## What you need to do
Each entry has to be given again in its exact wording, and no picture may appear in the result.

## Record extracts
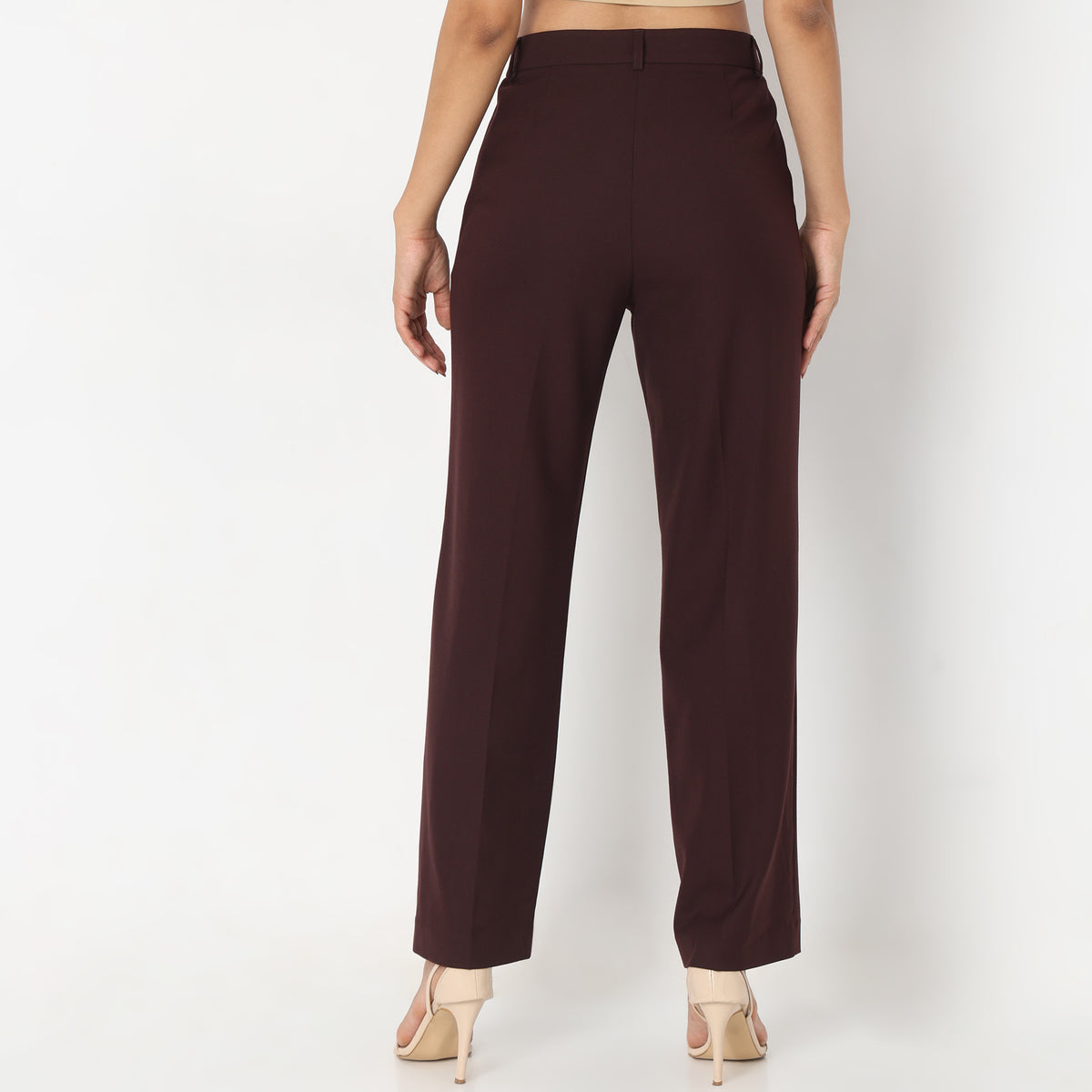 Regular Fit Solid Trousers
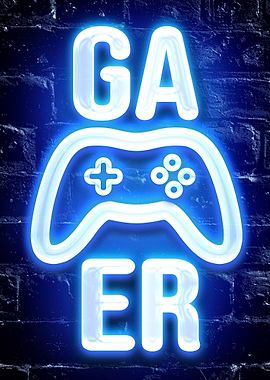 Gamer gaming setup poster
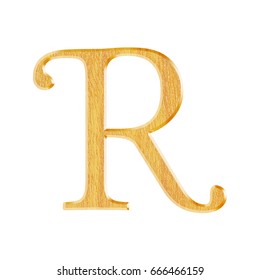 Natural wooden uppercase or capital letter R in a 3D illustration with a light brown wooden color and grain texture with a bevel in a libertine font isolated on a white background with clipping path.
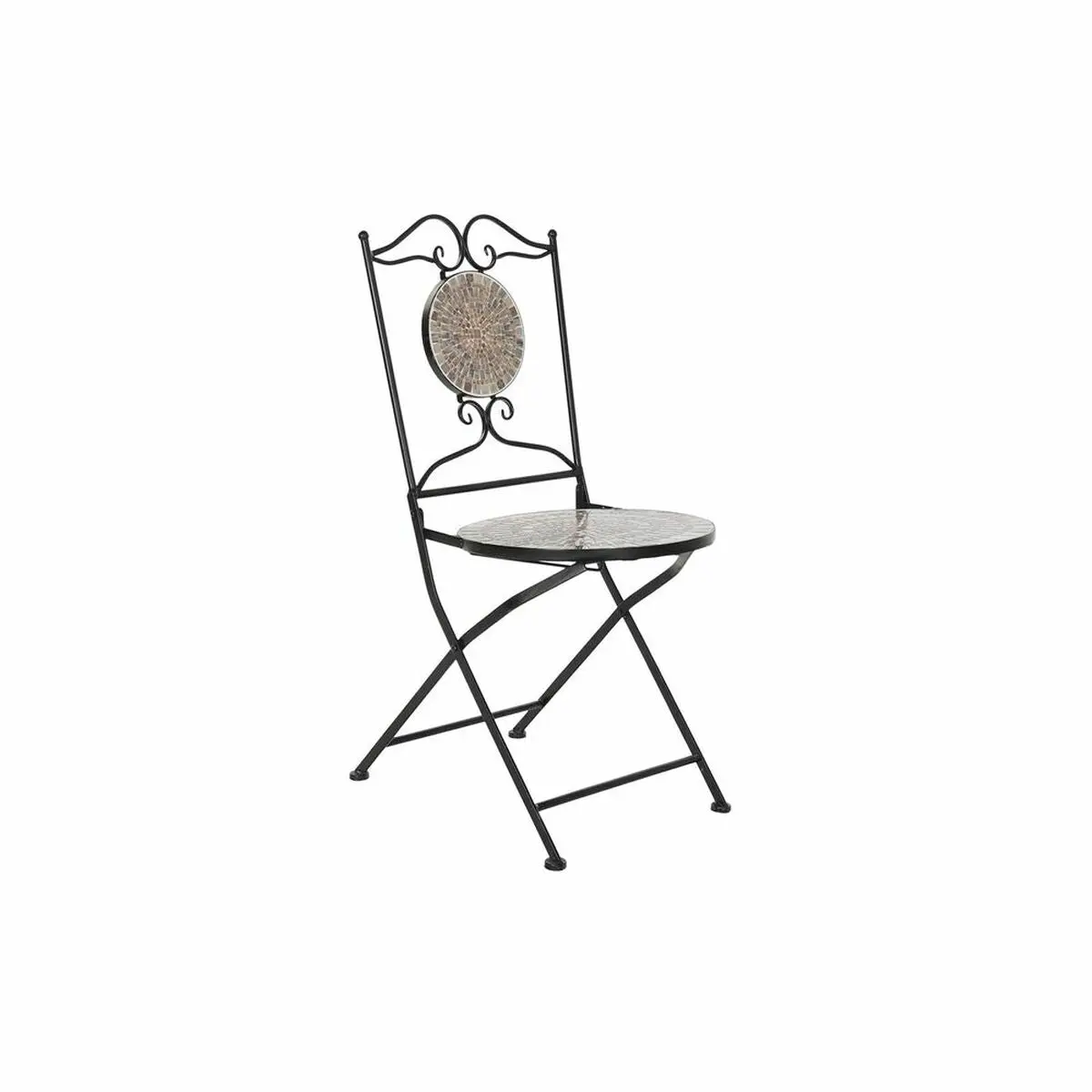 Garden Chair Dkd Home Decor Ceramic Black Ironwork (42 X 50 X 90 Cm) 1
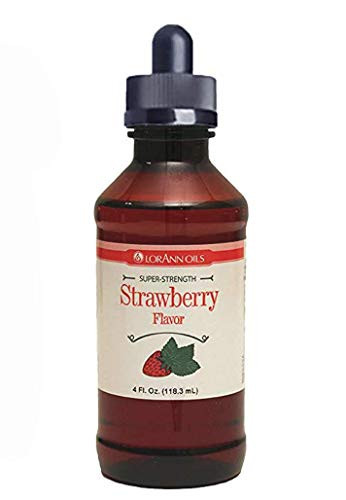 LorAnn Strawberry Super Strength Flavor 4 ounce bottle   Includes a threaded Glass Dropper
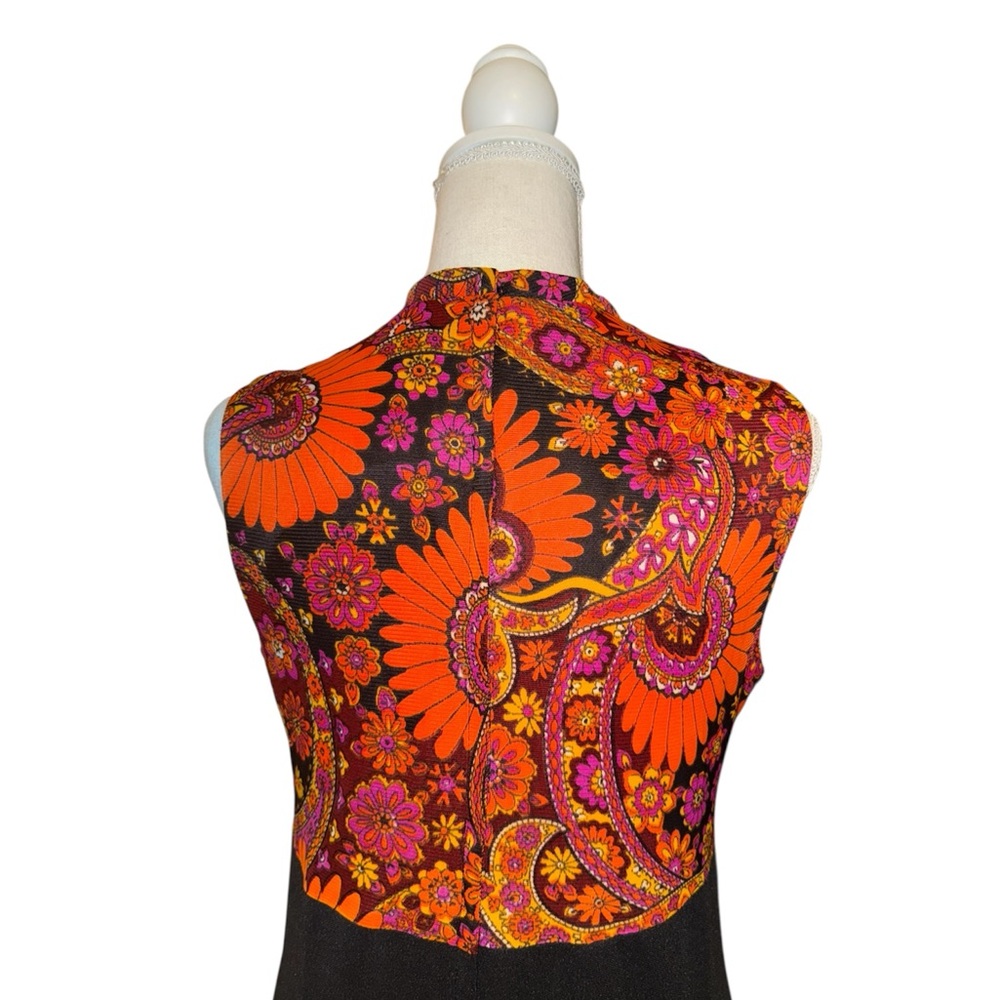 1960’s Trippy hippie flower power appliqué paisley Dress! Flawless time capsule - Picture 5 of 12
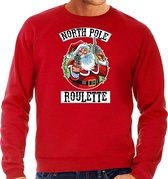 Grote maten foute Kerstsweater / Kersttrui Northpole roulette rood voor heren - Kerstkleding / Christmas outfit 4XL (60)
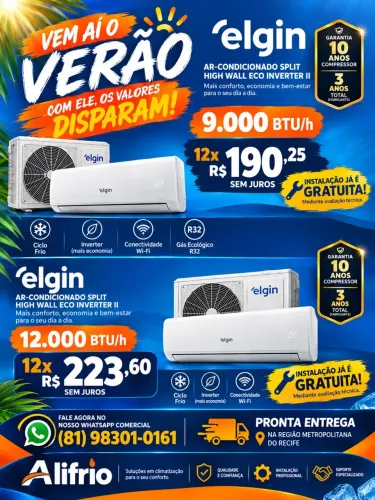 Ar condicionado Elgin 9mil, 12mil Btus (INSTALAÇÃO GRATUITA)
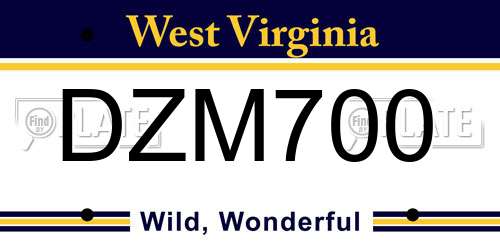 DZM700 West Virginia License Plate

## Solved problem
 Regular Fit Solid Trousers
 Gamer gaming setup poster
 Natural wooden uppercase or capital letter R in a 3D illustration with a light brown wooden color and grain texture with a bevel in a libertine font isolated on a white background with clipping path.
 Garden Chair Dkd Home Decor Ceramic Black Ironwork (42 X 50 X 90 Cm) 1
 LorAnn Strawberry Super Strength Flavor 4 ounce bottle   Includes a threaded Glass Dropper
 1960’s Trippy hippie flower power appliqué paisley Dress! Flawless time capsule - Picture 5 of 12
 Grote maten foute Kerstsweater / Kersttrui Northpole roulette rood voor heren - Kerstkleding / Christmas outfit 4XL (60)
 Ar condicionado Elgin 9mil, 12mil Btus (INSTALAÇÃO GRATUITA)
 DZM700 West Virginia License Plate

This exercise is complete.